If you could have dinner with any person alive/deceased who would it be?: If this person is also making the dinner, I would say burgeoning chef and cranky rock guy Steve Albini, taking into consideration our dual passions for glasses and yelling.
What’s your favorite childhood memory?: Reading “Ender’s Game” in ﬁfth grade and feeling proud of myself despite not understanding or remembering any of it.
French House/Slow Food Co-op
In case you were not aware, the Slow Food Co-op has moved itself into French House and rejuvenated the formerly quiet territory, promising plenty for all the folks and hanging their colorful banners everywhere, so in this case I am reviewing both of their applications in this spot. French House’s sheet still retains the questions that cater to their countrymen’s fondness for making animal noises and drawing said animals with berets and cigarettes, while smoking.
The Slow Food Co-op
Has an exciting new two-page form, laying out the tenets of their platform and asking members to contribute to labor that strengthens the people and the party. I am quite enthusiastic about this group of young upstarts and look forward to their glorious new reign!
Tell us the best food joke you know: A priest, a rabbi and an imam walk into a Denny’s. All are oﬀended by what they see.
I did not know that we had a Geology House; I guess they have “outrageous wallpaper.”
A lot of questions which I can tell result from their acceptance of all faiths. Life sure is tricky sometimes!
What is the relationship between your big toe and your second toe?: Blood relatives.
Are you quote-worthy? Please give us a funny quote for our quote board: I sleep naked so if I wet the bed, I don’t have to take a shower. I wake up and I’m golden!
Your answers will be conﬁdential! Only the oﬃcers of Japan Club will look at them! After that we will dispose of them Yakuza-style. Poor taste, Japan Club. In addition, your boldness on #5 (Which Japan Club members would you never, ever want to live with in-house?) is an aﬀront to traditional Japanese passive-aggression.

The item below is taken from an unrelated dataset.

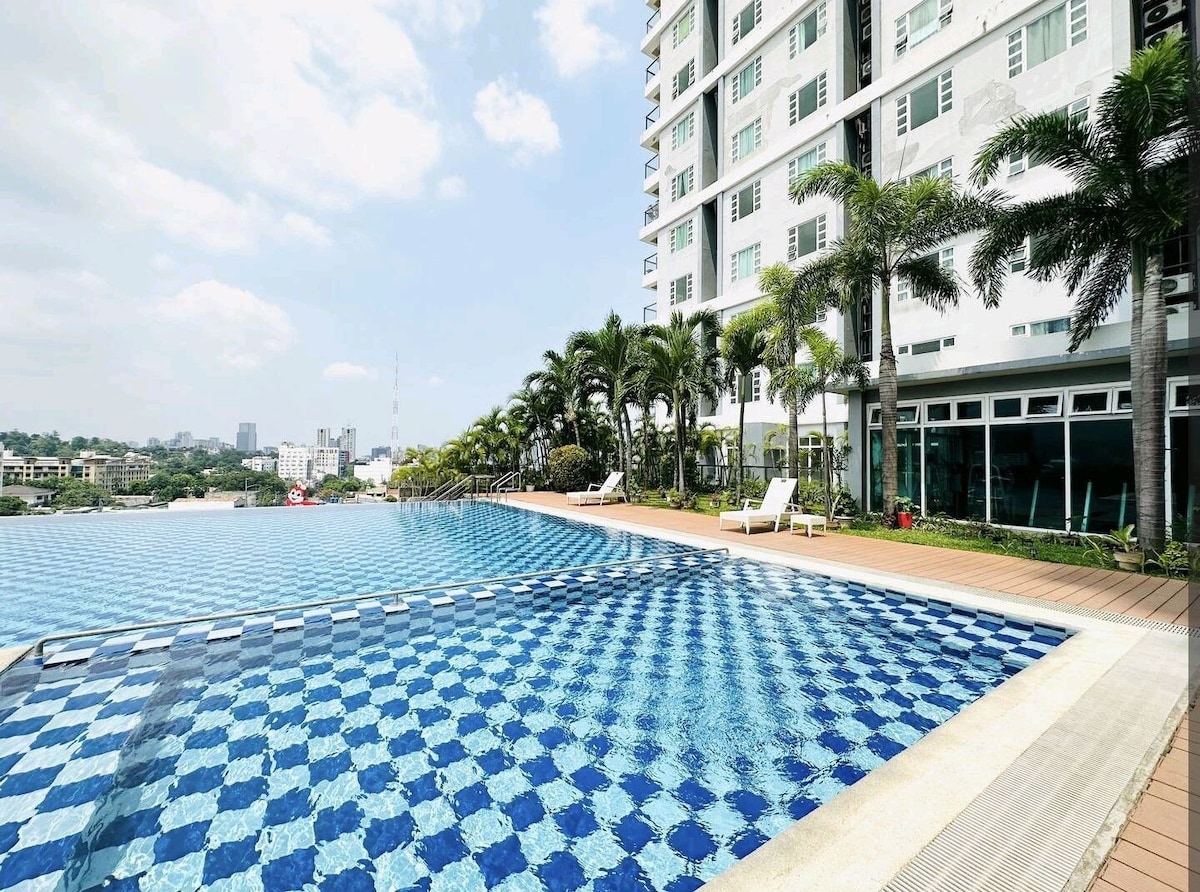 Group-Friendly Cebu Condo with Mall Access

“What is your favorite Japanese monster?”: Sagawa Issei (佐 川 一政)
I like the typewritten-and-then-photocopied questions, very DIY.

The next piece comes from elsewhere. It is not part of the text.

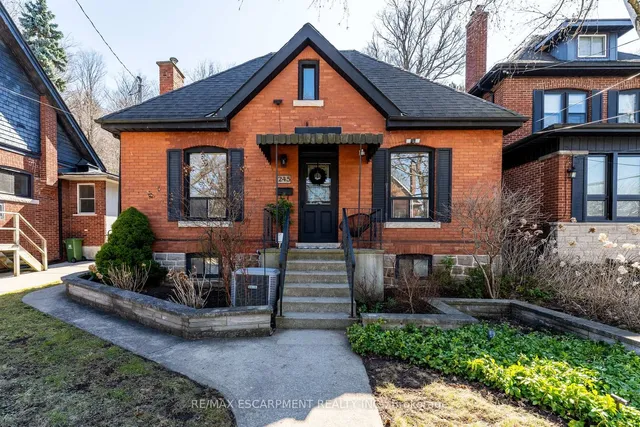 245 Hillcrest Ave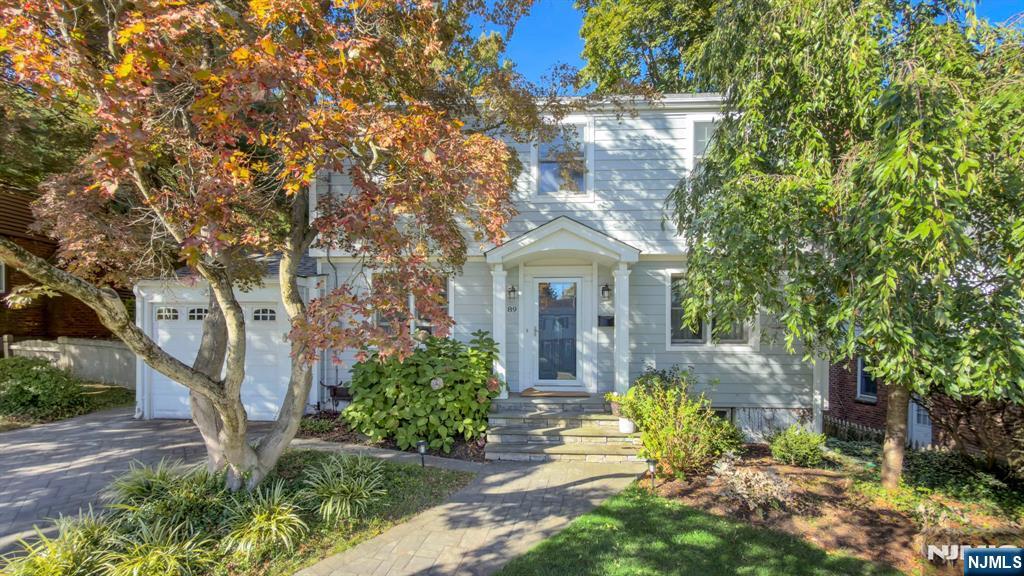 89 Surrey Lane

Would you rather: A) Every time you climb a set of stairs higher than 6 steps you are obligated to loudly quote Family Guy. B) Every time you say “I love you,” two ﬂies ﬂy out the corner of your mouth.: A, because I could pass oﬀ my belabored breathing as quoting Peter after winning the golden ticket to Pawtucket Pat’s beer factory and then tripping and falling in front of his house. You can telepathically communicate with one super badass animal. You can ride it, talk to it, it is your best friend.

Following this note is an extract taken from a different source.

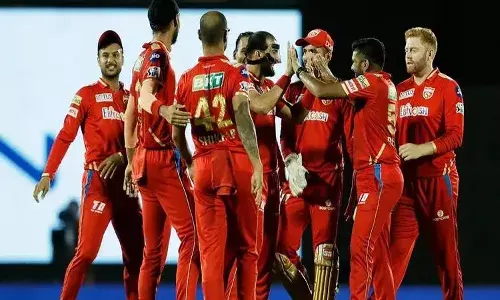 బెంగళూరుపై పంజా విసిరిన పంజాబ్.. ప్లే ఆఫ్స్ ఆశలు సజీవం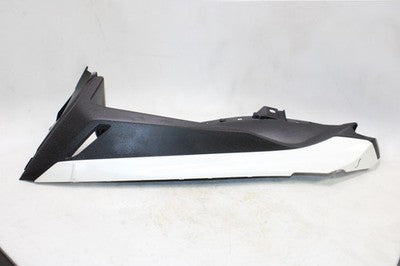 2018 YAMAHA XMAX CZD300A OEM LEFT SIDE FOOT PANEL REST COWL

Describe that animal.: A much larger duck with butterﬂy wings & teeth. It is blue.
Good questions and short, easily the best application so far.
I don’t like that you insist I am willing to go to BSC/Belfast/ResLife and especially do not care for those exclamation points. Very rude.
Do you hug trees?: Once, when I was 14 and curious…
Are you willing to let it mellow when it’s yellow?: Hahahahahahahaha oh this is a real question.Yes, yes I am. Perhaps too willing.
Can I borrow your shirt?: Not the tiger ones.
Tell us a bad joke.: Democracy (Alternate answer: Objectivism)
I would deﬁnitely consider living in OEC because I now remember what their acronym stands for.
Peace & Justice
Well, looka this! It’s a hand-drawn questionnaire with things in the shape of the question that is about them! An oven, a plate, a big fat pencil. Wowee!
Write a story that includes the following words: spaghetti, Mr. Potato Head, ﬁst.: All I can think of are scenarios where “ﬁst” would be a verb and I don’t think I’m allowed to do that. Sorry. I wouldn’t be a good ﬁt for Peace & Justice anyhow. I’m a misanthrope.
Too many words/partially in Spanish. I have a hard enough time trying to convince myself I remember French.
How would you describe SPIEL?: Like camp, but for adults. [Imagine I made a quip here about milkshakes that involved Kelis and/or There Will Be Blood. I am going to send this piece to SNL.]
What quotation would you, if forced, use as a model for the rest of your life?: “Hell is also yourself.” – R. Crumb
The lack of Russian House applications supports my theory that they are secretly the best special interest house, assuming you can appreciate its rustic wildness and the ever-present smell of soup. Boy, I really fell oﬀ towards the end there. Sorry again.